## [Your assignment]
Retype, exactly and only, each line from the one containing "FRANCE 1980/82 LONGSLEEVE RETRO JERSEY" to the end of the records below.

[Stored items]
↓↓↓

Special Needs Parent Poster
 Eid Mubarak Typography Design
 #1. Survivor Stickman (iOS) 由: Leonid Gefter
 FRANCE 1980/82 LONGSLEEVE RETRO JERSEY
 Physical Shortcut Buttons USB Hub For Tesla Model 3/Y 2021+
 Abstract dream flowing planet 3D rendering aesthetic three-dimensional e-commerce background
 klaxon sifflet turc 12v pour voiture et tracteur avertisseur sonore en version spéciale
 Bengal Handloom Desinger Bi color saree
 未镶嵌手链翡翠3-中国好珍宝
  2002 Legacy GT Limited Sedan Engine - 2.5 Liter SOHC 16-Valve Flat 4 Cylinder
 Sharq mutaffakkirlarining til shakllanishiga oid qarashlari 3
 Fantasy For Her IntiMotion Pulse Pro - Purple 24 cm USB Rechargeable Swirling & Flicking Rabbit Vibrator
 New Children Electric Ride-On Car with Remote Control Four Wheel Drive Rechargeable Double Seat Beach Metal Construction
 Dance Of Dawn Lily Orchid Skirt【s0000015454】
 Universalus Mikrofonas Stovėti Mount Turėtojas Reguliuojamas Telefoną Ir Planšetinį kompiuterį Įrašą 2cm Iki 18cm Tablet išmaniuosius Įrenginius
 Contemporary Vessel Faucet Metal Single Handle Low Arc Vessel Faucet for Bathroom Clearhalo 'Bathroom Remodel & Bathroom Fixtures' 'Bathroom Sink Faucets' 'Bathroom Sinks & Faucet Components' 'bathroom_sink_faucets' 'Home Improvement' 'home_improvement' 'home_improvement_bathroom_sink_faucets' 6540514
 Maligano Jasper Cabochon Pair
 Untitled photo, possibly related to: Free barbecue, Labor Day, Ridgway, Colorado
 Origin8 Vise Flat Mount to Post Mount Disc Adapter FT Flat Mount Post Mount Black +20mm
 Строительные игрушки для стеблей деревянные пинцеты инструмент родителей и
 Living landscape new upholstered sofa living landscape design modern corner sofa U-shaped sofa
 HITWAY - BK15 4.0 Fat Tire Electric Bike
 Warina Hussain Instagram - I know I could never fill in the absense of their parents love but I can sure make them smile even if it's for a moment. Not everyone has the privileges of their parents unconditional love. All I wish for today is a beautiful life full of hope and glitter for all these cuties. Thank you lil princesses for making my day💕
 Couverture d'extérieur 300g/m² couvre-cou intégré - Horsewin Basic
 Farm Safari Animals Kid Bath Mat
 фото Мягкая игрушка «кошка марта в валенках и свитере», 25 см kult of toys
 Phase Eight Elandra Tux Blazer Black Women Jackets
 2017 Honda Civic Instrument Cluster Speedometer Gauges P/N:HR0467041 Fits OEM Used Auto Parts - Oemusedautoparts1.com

↑↑↑

## [Answer space]
 FRANCE 1980/82 LONGSLEEVE RETRO JERSEY
 Physical Shortcut Buttons USB Hub For Tesla Model 3/Y 2021+
 Abstract dream flowing planet 3D rendering aesthetic three-dimensional e-commerce background
 klaxon sifflet turc 12v pour voiture et tracteur avertisseur sonore en version spéciale
 Bengal Handloom Desinger Bi color saree
 未镶嵌手链翡翠3-中国好珍宝
  2002 Legacy GT Limited Sedan Engine - 2.5 Liter SOHC 16-Valve Flat 4 Cylinder
 Sharq mutaffakkirlarining til shakllanishiga oid qarashlari 3
 Fantasy For Her IntiMotion Pulse Pro - Purple 24 cm USB Rechargeable Swirling & Flicking Rabbit Vibrator
 New Children Electric Ride-On Car with Remote Control Four Wheel Drive Rechargeable Double Seat Beach Metal Construction
 Dance Of Dawn Lily Orchid Skirt【s0000015454】
 Universalus Mikrofonas Stovėti Mount Turėtojas Reguliuojamas Telefoną Ir Planšetinį kompiuterį Įrašą 2cm Iki 18cm Tablet išmaniuosius Įrenginius
 Contemporary Vessel Faucet Metal Single Handle Low Arc Vessel Faucet for Bathroom Clearhalo 'Bathroom Remodel & Bathroom Fixtures' 'Bathroom Sink Faucets' 'Bathroom Sinks & Faucet Components' 'bathroom_sink_faucets' 'Home Improvement' 'home_improvement' 'home_improvement_bathroom_sink_faucets' 6540514
 Maligano Jasper Cabochon Pair
 Untitled photo, possibly related to: Free barbecue, Labor Day, Ridgway, Colorado
 Origin8 Vise Flat Mount to Post Mount Disc Adapter FT Flat Mount Post Mount Black +20mm
 Строительные игрушки для стеблей деревянные пинцеты инструмент родителей и
 Living landscape new upholstered sofa living landscape design modern corner sofa U-shaped sofa
 HITWAY - BK15 4.0 Fat Tire Electric Bike
 Warina Hussain Instagram - I know I could never fill in the absense of their parents love but I can sure make them smile even if it's for a moment. Not everyone has the privileges of their parents unconditional love. All I wish for today is a beautiful life full of hope and glitter for all these cuties. Thank you lil princesses for making my day💕
 Couverture d'extérieur 300g/m² couvre-cou intégré - Horsewin Basic
 Farm Safari Animals Kid Bath Mat
 фото Мягкая игрушка «кошка марта в валенках и свитере», 25 см kult of toys
 Phase Eight Elandra Tux Blazer Black Women Jackets
 2017 Honda Civic Instrument Cluster Speedometer Gauges P/N:HR0467041 Fits OEM Used Auto Parts - Oemusedautoparts1.com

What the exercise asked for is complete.